Sure, you already know Portland as the "hipster" capital on your travel bucket list. But the city is quickly booming into a viable tech hub that could soon give the best of 'em a run for their money, according to a new report from the Milken Institute.
The economic think tank recently published its annual Best-Performing Cities report, which parses through reams of data in order to pinpoint metro areas where job growth is high, wages are rising and high-tech jobs -- aka the ones most important to a modern city's growth -- are flourishing. In this year's report, the Portland region jumped up eight spots from last year, ranking #8 out of America's 200 largest metros.
And we're thinking of moving there already.

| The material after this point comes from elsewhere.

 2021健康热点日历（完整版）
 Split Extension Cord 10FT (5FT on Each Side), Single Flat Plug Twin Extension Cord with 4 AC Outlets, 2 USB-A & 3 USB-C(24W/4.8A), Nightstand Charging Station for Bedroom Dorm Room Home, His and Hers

The main reason for the Portland area's boom is a huge number of new tech jobs, says Milken Institute associate director Minoli Ratnatunga. Big-name companies from the actual Silicon Valley (think Apple, Facebook and Twitter) are opening offices in Portland as a way to avoid high rent for office space down South, she told HuffPost.
Companies also realize that budding young professionals, who lack the money to pay sky-high rents in San Francisco, will be attracted to Portland as a lower-cost option.
If you're looking for a new scene, Portland is a great place to move -- not only for the statistical reasons above, but also for its incredible Climate Action Plan, ease of getting around and huge biking population that's as interested in craft beer and gluten-free bakeries as it is in equal opportunity LGBT employment.
Rent in Portland is still generally much lower than in Silicon Valley, but Ratnatunga warns that the city's increasing popularity could cause it to rise quickly, both for housing and office space.
"A lot of companies go (to Portland) because young professionals can afford to be there," she said. "But that's driving up rents. So we'll have to see."
Get in while you can, apartment hunters!